_Exercise details_. Please give the lines below again exactly as they stand, from the one that contains "Nike Men's Zoom Fly 4 Running Shoes" up to and including the one that contains "Foto - Quarterdeck Motel", leaving all pictures out.

_Stored data_.

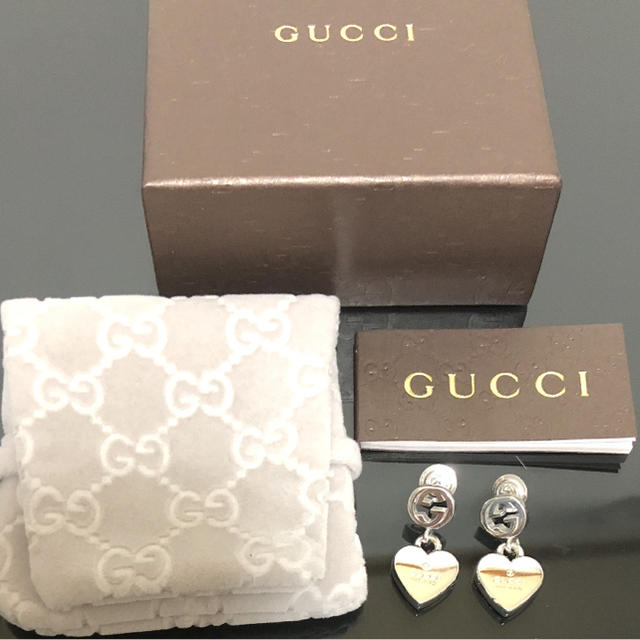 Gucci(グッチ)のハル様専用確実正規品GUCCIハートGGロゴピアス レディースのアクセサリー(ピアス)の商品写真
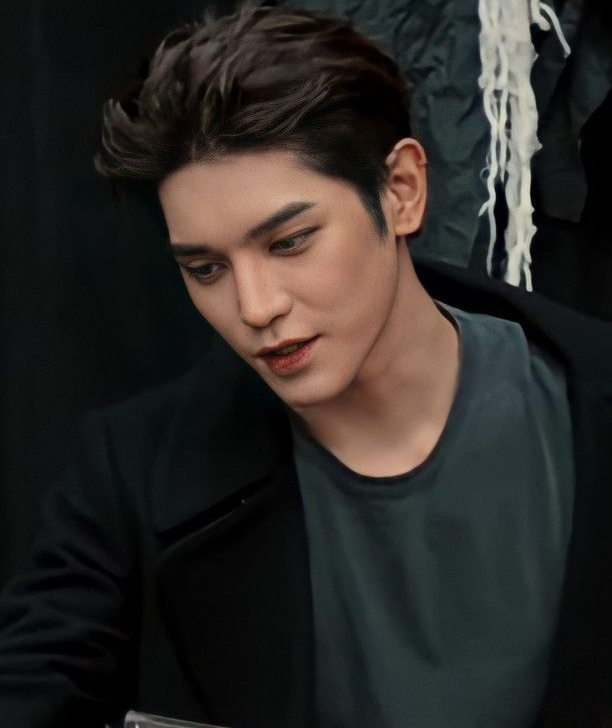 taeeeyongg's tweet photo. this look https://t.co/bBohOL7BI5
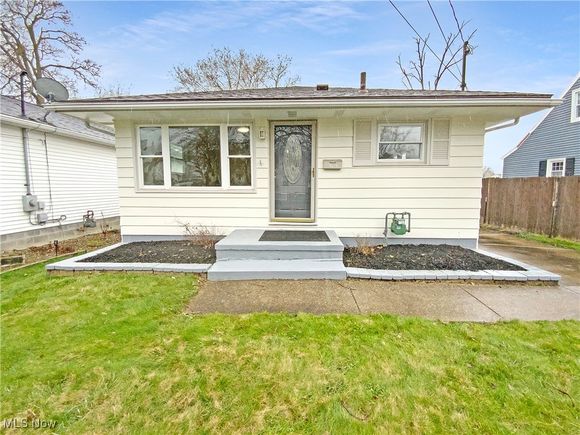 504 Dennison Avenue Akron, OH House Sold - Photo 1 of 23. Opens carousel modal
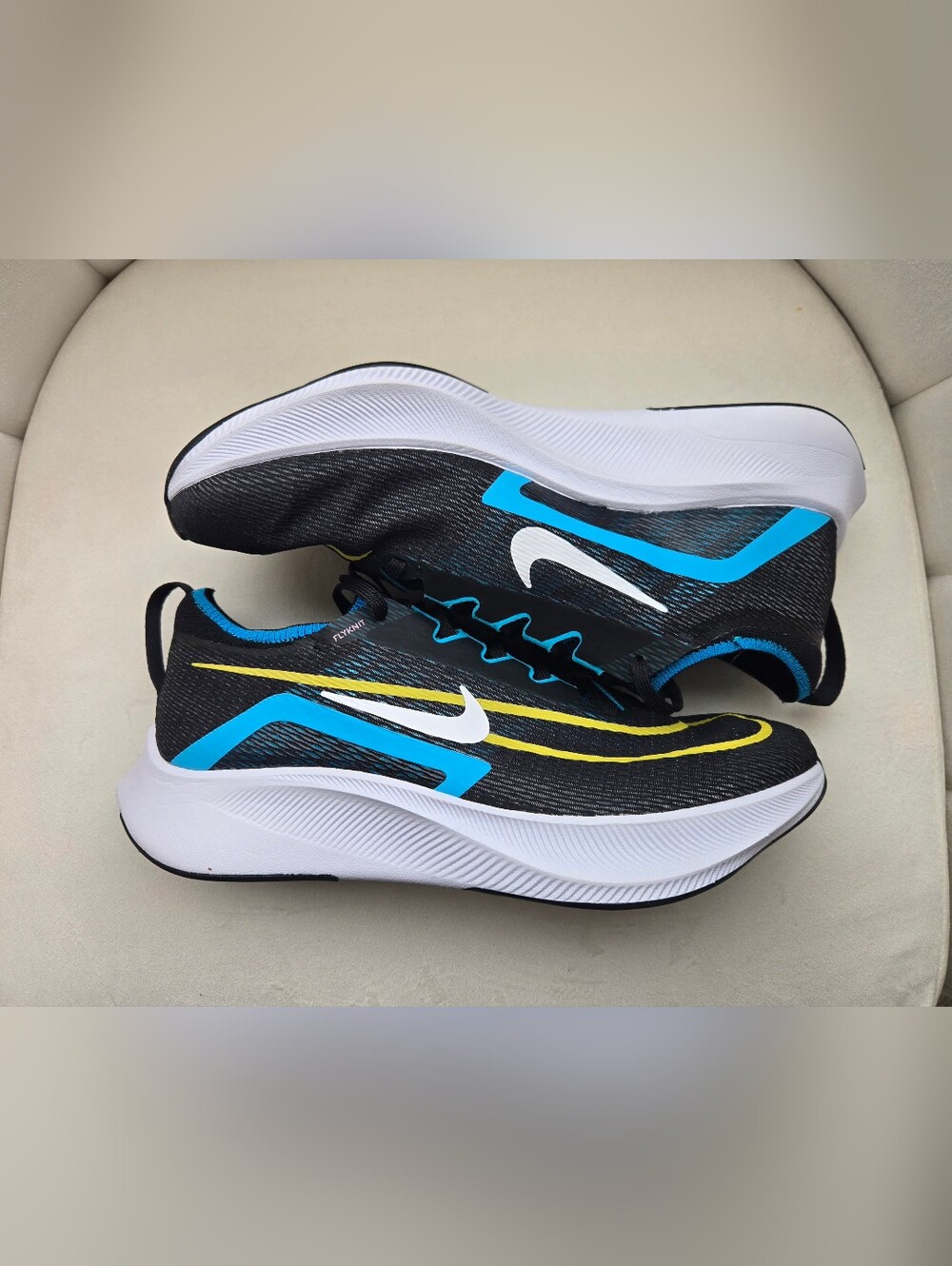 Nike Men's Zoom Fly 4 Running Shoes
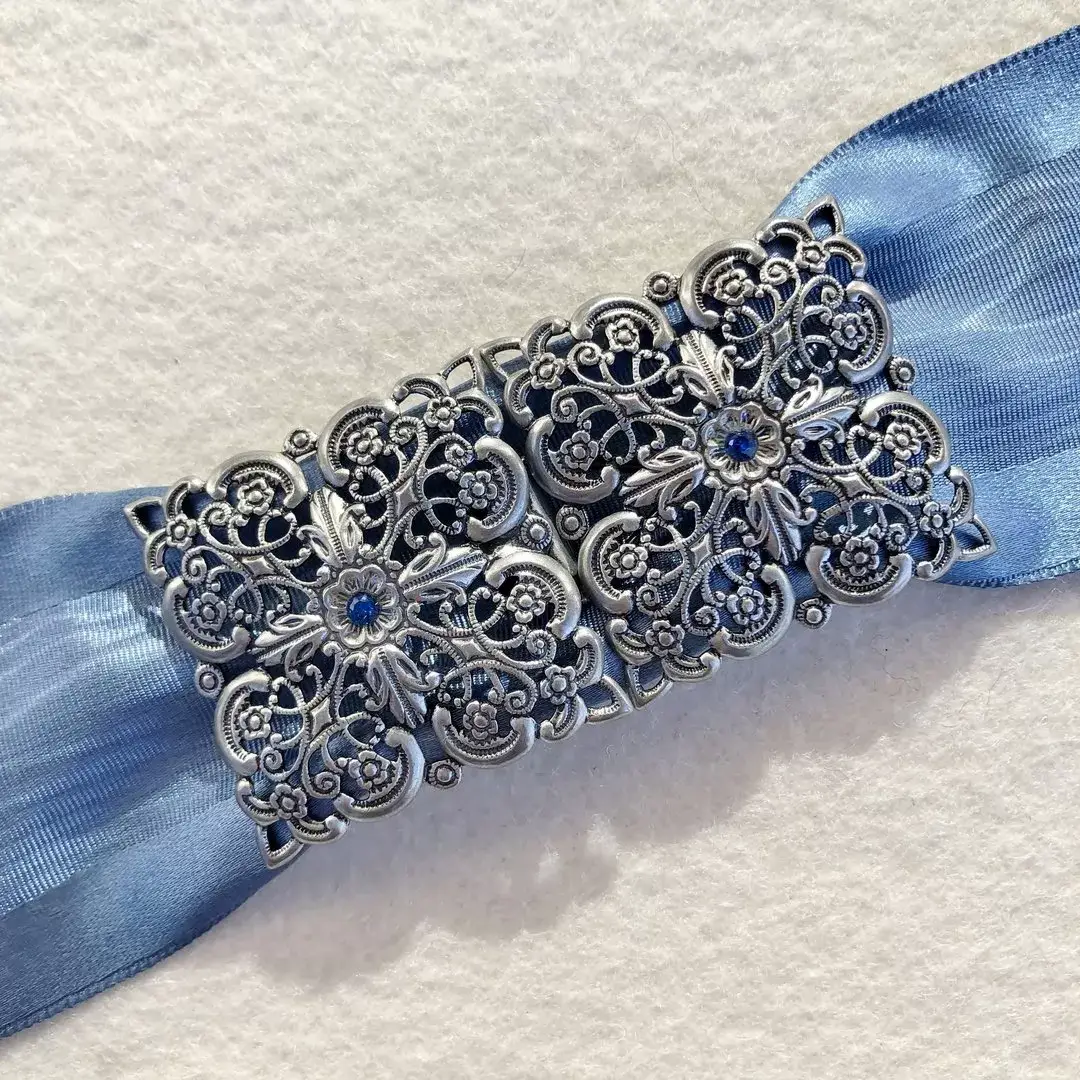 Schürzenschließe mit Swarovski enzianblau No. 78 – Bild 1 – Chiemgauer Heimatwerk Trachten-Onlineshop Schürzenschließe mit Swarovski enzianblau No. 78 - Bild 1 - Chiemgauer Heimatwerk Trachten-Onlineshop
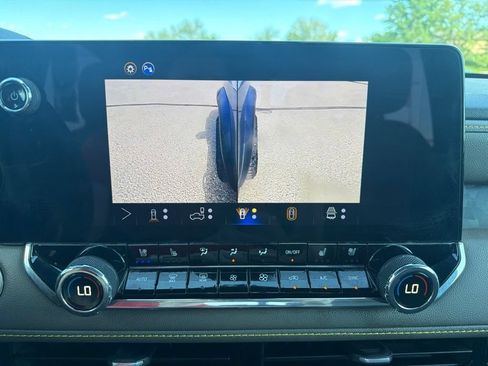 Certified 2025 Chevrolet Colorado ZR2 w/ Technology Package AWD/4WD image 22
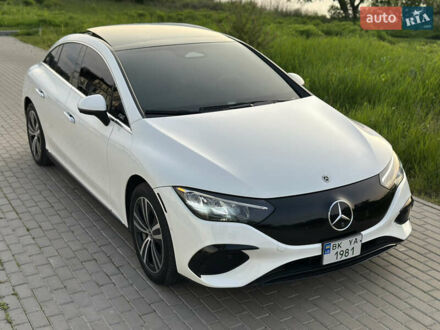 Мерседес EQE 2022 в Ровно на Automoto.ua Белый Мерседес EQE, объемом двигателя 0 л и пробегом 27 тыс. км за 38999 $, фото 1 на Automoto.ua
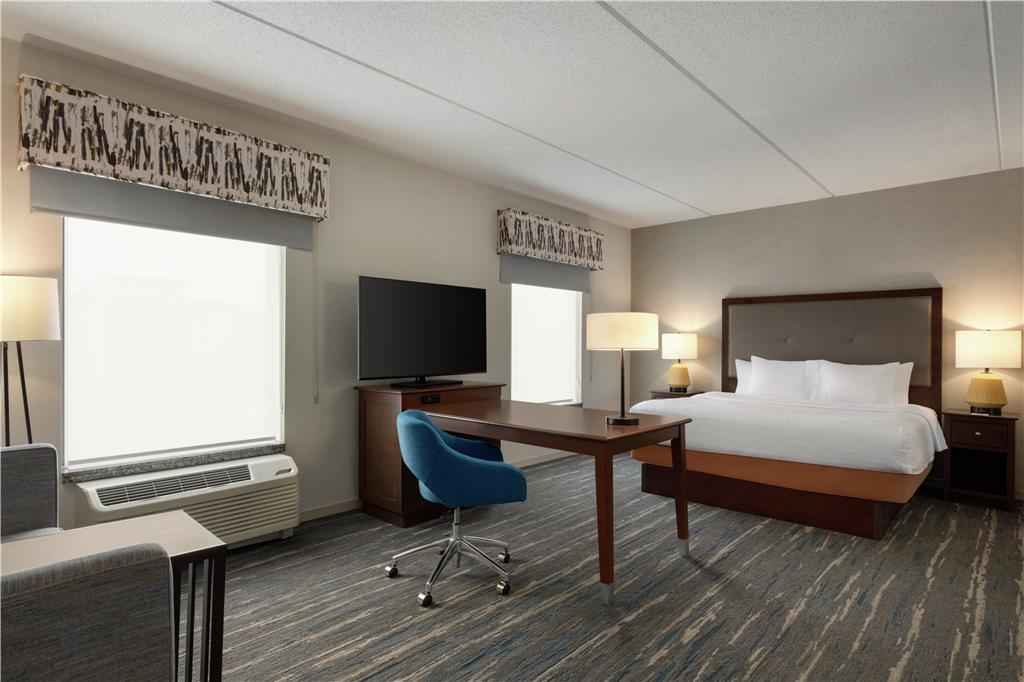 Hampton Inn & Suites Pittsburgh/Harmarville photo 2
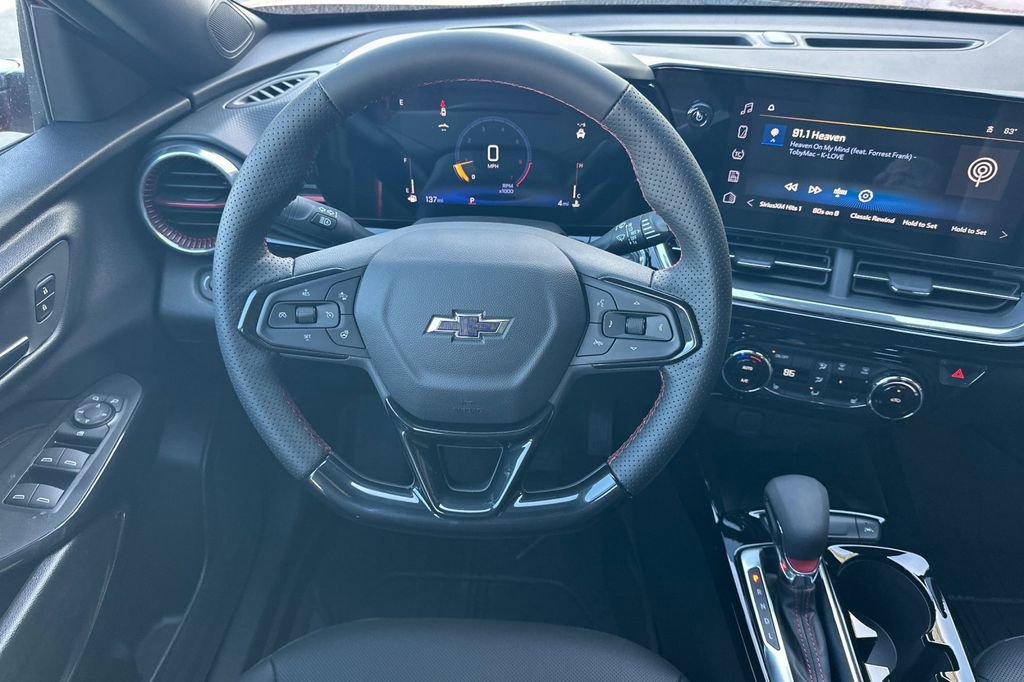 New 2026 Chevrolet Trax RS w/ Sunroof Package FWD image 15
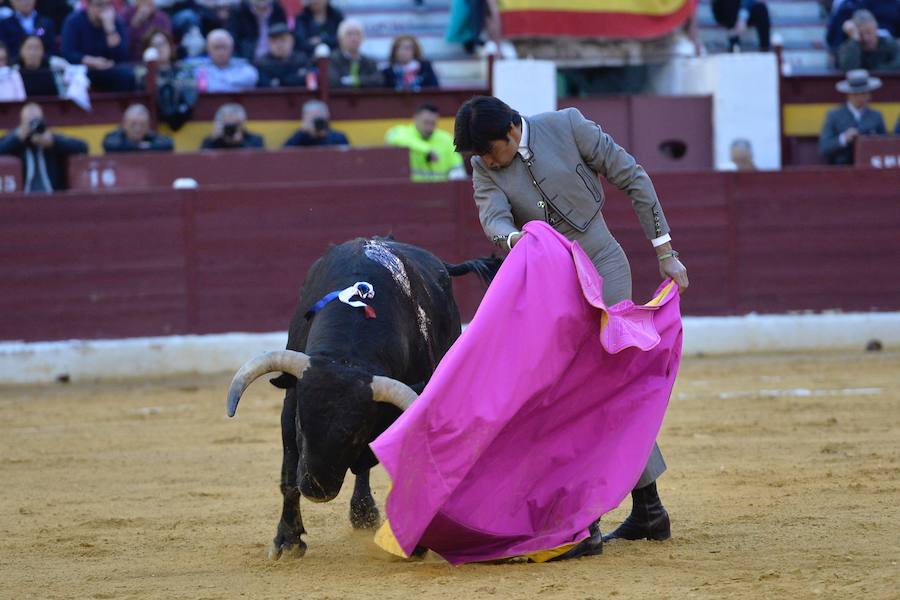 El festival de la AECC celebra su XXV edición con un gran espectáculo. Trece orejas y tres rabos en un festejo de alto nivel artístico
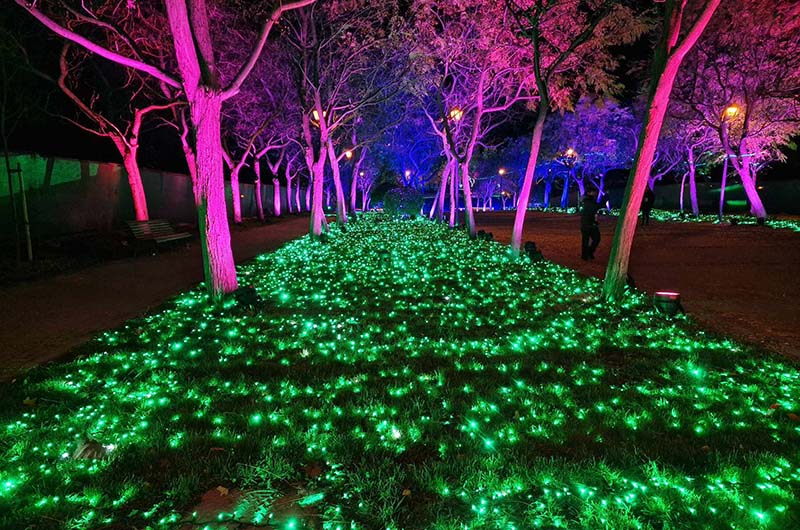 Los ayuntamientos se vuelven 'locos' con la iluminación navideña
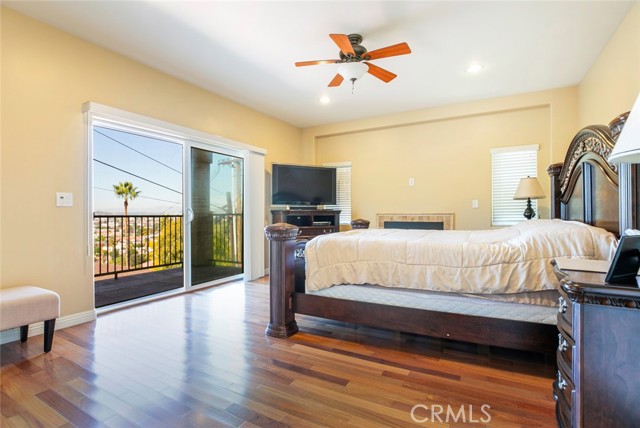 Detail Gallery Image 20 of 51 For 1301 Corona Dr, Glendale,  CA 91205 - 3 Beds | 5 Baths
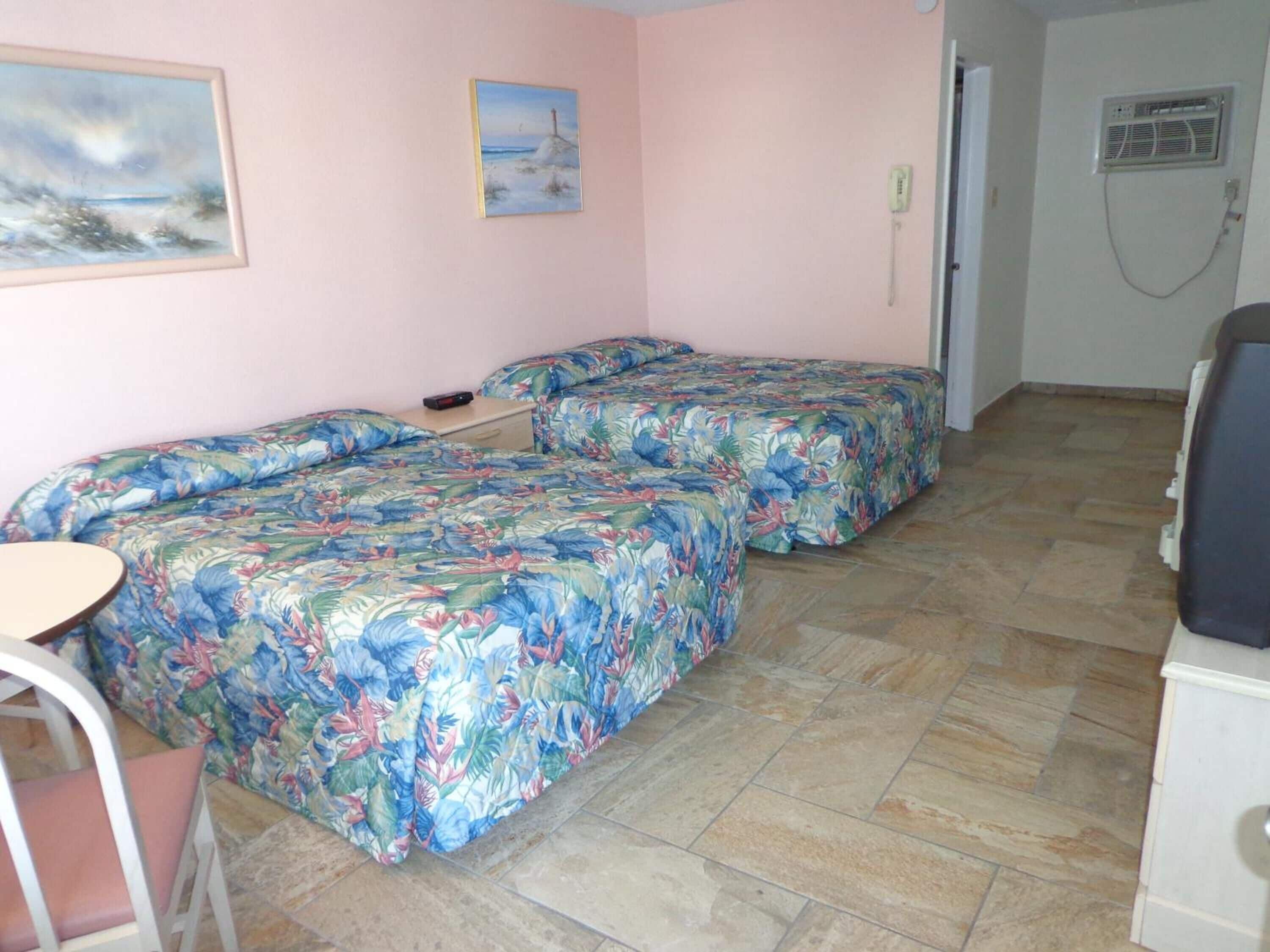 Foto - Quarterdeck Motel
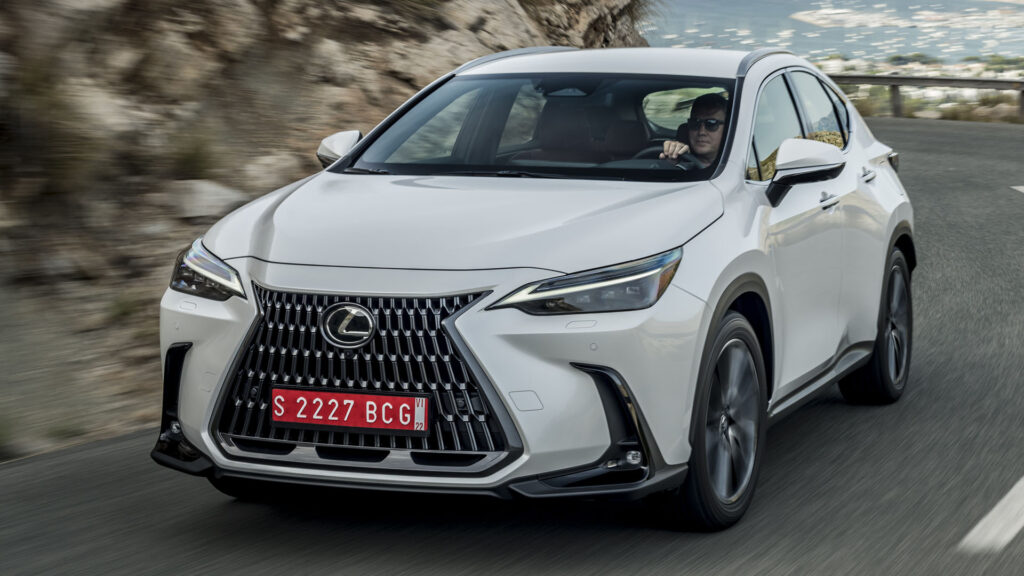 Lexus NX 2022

_Task output_.
 Nike Men's Zoom Fly 4 Running Shoes
 Schürzenschließe mit Swarovski enzianblau No. 78 – Bild 1 – Chiemgauer Heimatwerk Trachten-Onlineshop Schürzenschließe mit Swarovski enzianblau No. 78 - Bild 1 - Chiemgauer Heimatwerk Trachten-Onlineshop
 Certified 2025 Chevrolet Colorado ZR2 w/ Technology Package AWD/4WD image 22
 Мерседес EQE 2022 в Ровно на Automoto.ua Белый Мерседес EQE, объемом двигателя 0 л и пробегом 27 тыс. км за 38999 $, фото 1 на Automoto.ua
 Hampton Inn & Suites Pittsburgh/Harmarville photo 2
 New 2026 Chevrolet Trax RS w/ Sunroof Package FWD image 15
 El festival de la AECC celebra su XXV edición con un gran espectáculo. Trece orejas y tres rabos en un festejo de alto nivel artístico
 Los ayuntamientos se vuelven 'locos' con la iluminación navideña
 Detail Gallery Image 20 of 51 For 1301 Corona Dr, Glendale,  CA 91205 - 3 Beds | 5 Baths
 Foto - Quarterdeck Motel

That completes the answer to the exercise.